Osmanlı Devleti’nin modernleşen yüzünün ikonik eseridir Dolmabahçe Sarayı…
Antik dönemlerde gemilerin demirlediği bir koy iken saltanatın gözde ikametgâhı hâline gelen Dolmabahçe, yüzyılların hafızasını ve Boğaziçi’nin sularının duru görkemini taşıyor.17. yüzyıldan 18. yüzyıl sonlarına kadar genişleyen ve dönüşen yapılara ev sahipliği yapan Beşiktaş Sahil Sarayı, III. Selim Dönemi’ne girilirken saltanatın yönetim merkezi olan Topkapı Sarayı’ndan sonra İstanbul’daki ikinci büyük saray hâline gelmiştir.
Beşiktaş Sahil Sarayı yapılar uzun süreli konaklamaya elverişli olmadığından III. Selim bunların onarılmasını istemiştir. Ardından gelen II. Mahmut da Beşiktaş Sahil Sarayı’nda sıkça vakit geçirmiş fakat resmî ikamet ve yönetim merkezi olarak Topkapı Sarayı’nı kullanmıştır.
II. Mahmut’un ardından Sultan Abdülmecid Beşiktaş Sahil Sarayı’nda yeni düzenlemeler yapılmasını, uzun konaklamaya ve çağın gereklerine uygun bir hâle getirilmesini istemişti. Bunun için sarayı tamamen yıktırıp yerine yenisinin yapılması gerekiyordu. 13 Haziran 1843 yılında Dolmabahçe Sarayı’nın inşasına başlandı ve 1856’da Sultan Abdülmecid Topkapı Sarayı’ndan kesin olarak ayrılarak Dolmabahçe Sarayı’na yerleşti.

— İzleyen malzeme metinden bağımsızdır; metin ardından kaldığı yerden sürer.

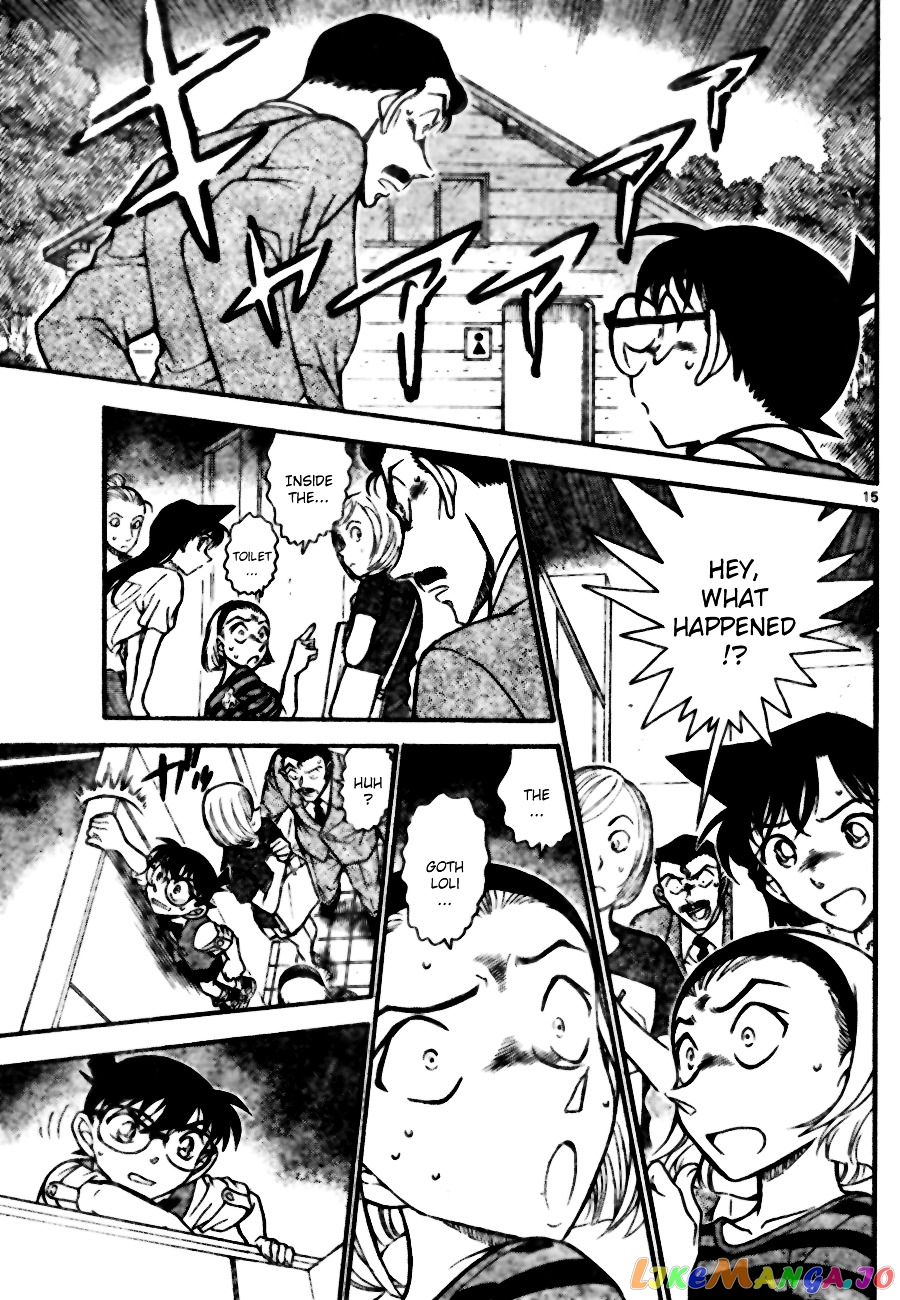 Detective Conan Chapter 696 - page 15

19. yüzyılda Topkapı Sarayı’ndan Dolmabahçe Sarayı’na geçiş radikal bir değişimdi. Saltanatın yönetim merkezi yer değiştiriyordu. Dolmabahçe Sarayı mimari plan anlamında da yeniye doğru açılıyordu. Osmanlı Sarayı ve toplum için Dolmabahçe’nin anlamı bir saray yapısı olmaktan fazlasını ifade ediyordu.
İstanbul’da gezip, görme şansına eriştiğim Saray, kasır ve köşkler Osmanlı İmparatorluğunun özgün tarihçesini ve mimarisini ortaya koyan mekânlar olarak karşıma çıktı. Bu mekânları gezdikçe tarih kitaplarında bulunmayan ve oldukça ilginç bilgi ve hikâyelerle karşılaştım. Osmanlı Tarihi’ne de farklı bir gözle bakmaya başladım. Dolmabahçe Sarayı ve Yıldız Sarayı ile eklentilerinin hikâyesinin biraz da Beşiktaş İlçesi’nin hikâyesi olduğunu gördüm.
Muhteşem ve anıtsal giriş kapıları bulunan Dolmabahçe Sarayı, otuz birinci Osmanlı padişahı Sultan Abdülmecit tarafından yaptırılmıştır. Yapımına 13 Haziran 1843 tarihinde başlanan Saray, çevre duvarlarının tamamlanması ile birlikte 7 Haziran 1856 tarihinde kullanıma açılmıştır.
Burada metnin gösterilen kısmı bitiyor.